Bruxelles, 10.2.2025 – La World Vapers' Alliance (WVA) condanna fermamente le recenti dichiarazioni rilasciate dal Commissario europeo per le imposte Wopke Hoekstra, che ha falsamente affermato che lo svapo “uccide come le sigarette normali” e ha giustificato tasse più elevate sulle sigarette elettroniche e sugli aromi basandosi su argomentazioni fuorvianti.
Durante un audizione parlamentare, Hoekstra ha suggerito che i giovani sono “sedotto” dalle sigarette elettroniche aromatizzate e che questi prodotti creano un “falso senso di sicurezza.” Andò oltre, affermando che svapare è letale quanto fumare, ma in modo scientificamente inesatto.
Alberto Gómez Hernández, Responsabile Politico della WVA, ha dichiarato: “Questa è un'affermazione pericolosa e irresponsabile da parte di un funzionario dell'UE che dovrebbe basare le sue politiche sui fatti, non sul terrorismo psicologico. La scienza è chiara: svapare è almeno il 95% meno dannoso del fumo ed è lo strumento più efficace che abbiamo per aiutare i fumatori a smettere. Paragonare lo svapo al fumo non solo è fuorviante, ma rischia anche di dissuadere i fumatori dal passare a un'alternativa molto meno dannosa".”
Gli aromi svolgono un ruolo cruciale nell'aiutare i fumatori a passare ad alternative meno dannose e il loro utilizzo è associato a un Aumento 230% nelle probabilità di smettere. Una significativa maggioranza di svapatori adulti preferisce aromi non di tabacco, con gli aromi alla frutta particolarmente popolari, come dimostrato dal ultimo sondaggio Eurobarometro.
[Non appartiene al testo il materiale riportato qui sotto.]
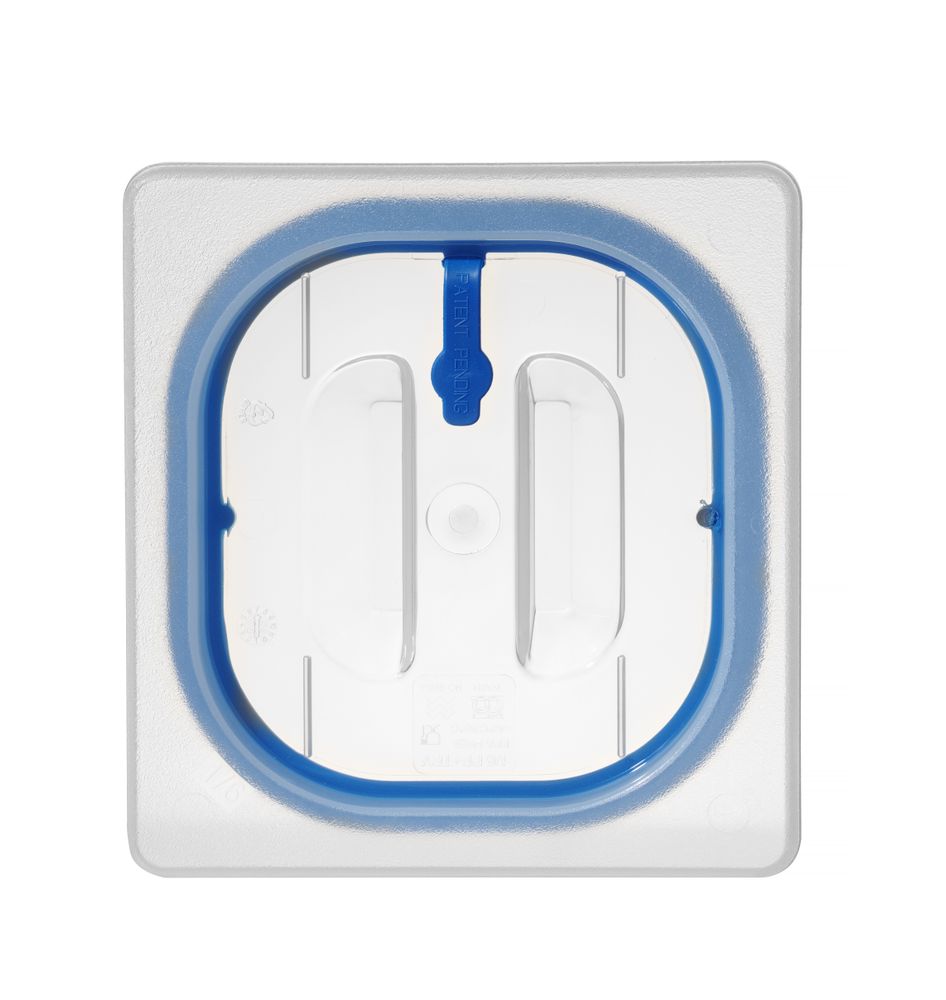 Lid for GN containers made of polypropylene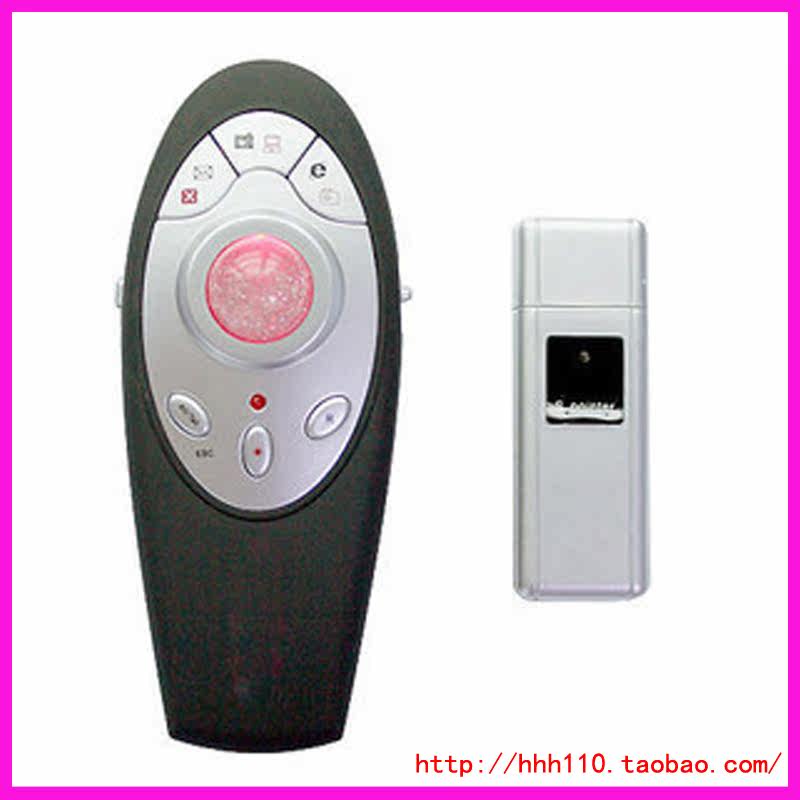 Telecommande - pointeur laser - Ref 385284 Image 1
“"Gli aromi non sono una strategia di marketing per attrarre i giovani, ma una componente essenziale per incoraggiare i fumatori adulti a passare ad alternative meno dannose. L'aumento delle tasse sugli aromi renderebbe molto più difficile per molti svapatori stare lontani dal tabacco combustibile, portando potenzialmente a tassi di fumo più elevati,” ha aggiunto Gómez Hernández.
“Se l'UE vuole seriamente ridurre il tasso di fumo, deve promuovere strategie di riduzione del danno che includano lo svapo. Diffondere disinformazione e imporre tasse proibitive servirà solo a proteggere l'industria delle sigarette a scapito della salute pubblica",” ha concluso Gómez Hernández.